Tuttavia, nel caso di Djokovic c'è un asterisco che potrebbe accomunarlo a Federer: una sorta di coach-ombra. Per tanti anni, Severin Luthi ha girato con lo svizzero, presenziando a ogni torneo, presente anche (e soprattutto) quando mancava l'head coach di turno. Luthi ha assunto questo ruolo nel 2007, quando aveva 31 anni. Bene: i più attenti si saranno accorti che nel clan Djokovic c'è una figura simile, sia pure con peculiarità tutte sue: Carlos Gomez Herrera. Classe 1990, ex numero 268 ATP (Luthi era stato 622), conosce Nole sin dal 2008, quando il torneo di Madrid si giocava ancora indoor. Nato a Marbella (laddove Djokovic trascorre diversi periodi di allenamento), è il migliore amico del fratello Marko. “Avendo giocato diversi tornei con lui, in un certo senso è diventato un membro della nostra famiglia, una persona a cui siamo molto legati. Ci siamo allenati insieme tante volte quando giocava ancora. Dopo il suo ritiro, nel 2022, abbiamo parlato e ho voluto che si unisse al team. Goran e gli altri membri erano d'accordo”: La figura di Gomez Herrera si è fatta rapidamente spazio nel clan Djokovic. Inizialmente faceva soltanto lo sparring partner permanente, ma osservando il clan durante le partite era spesso lui il più vocale, il più espressivo.

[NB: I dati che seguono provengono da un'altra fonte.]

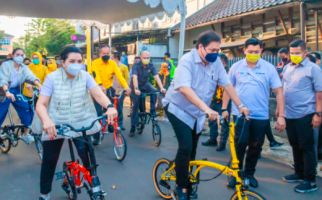 Dorong Sepeda Karya Anak Bangsa Tingkatkan Produksi, Airlangga: Ini Luar Biasa, Pembeli Harus Tunggu 45 Hari - JPNN.com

Più di un osservatore si domandava se non fosse lui a comandare. “Oltre a essere uno sparring è anche un assistant coach – diceva Djokovic lo scorso luglio – è una persona molto organizzata e sta contribuendo al nostro team sia dal punto di vista logistico che analitico”. I due hanno iniziato ad allenarsi con continuità durante lo stop per Covid, nel 2020, a Marbella. Nel 2021 hanno addirittura giocato il doppio insieme al torneo ATP di Maiorca, arrivando in finale. Gomez Herrera è considerato un pilastro emotivo essenziale nell'ecosistema Djokovic, e già lo scorso autunno qualcuno sussurrava che avrebbe avuto un ruolo sempre più determinante nel processo decisionale, quando sono usciti dall'organigramma Dodo Artaldi ed Elena Cappellaro. Ex assistente di Manolo Santana nel suo club a Marbella, adesso potrebbe diventare davvero una figura cruciale nell'ultima parte di carriera di Djokovic. Col tempo, Severin Luthi ha dimostrato di essere un validissimo tecnico. Da parte sua, Gomez Herrera ha un carattere più ruspante, ma meno tempo a disposizione. Chissà se sarà in grado di convincere Djokovic a non consultare la rubrica telefonica alla voce “coach”.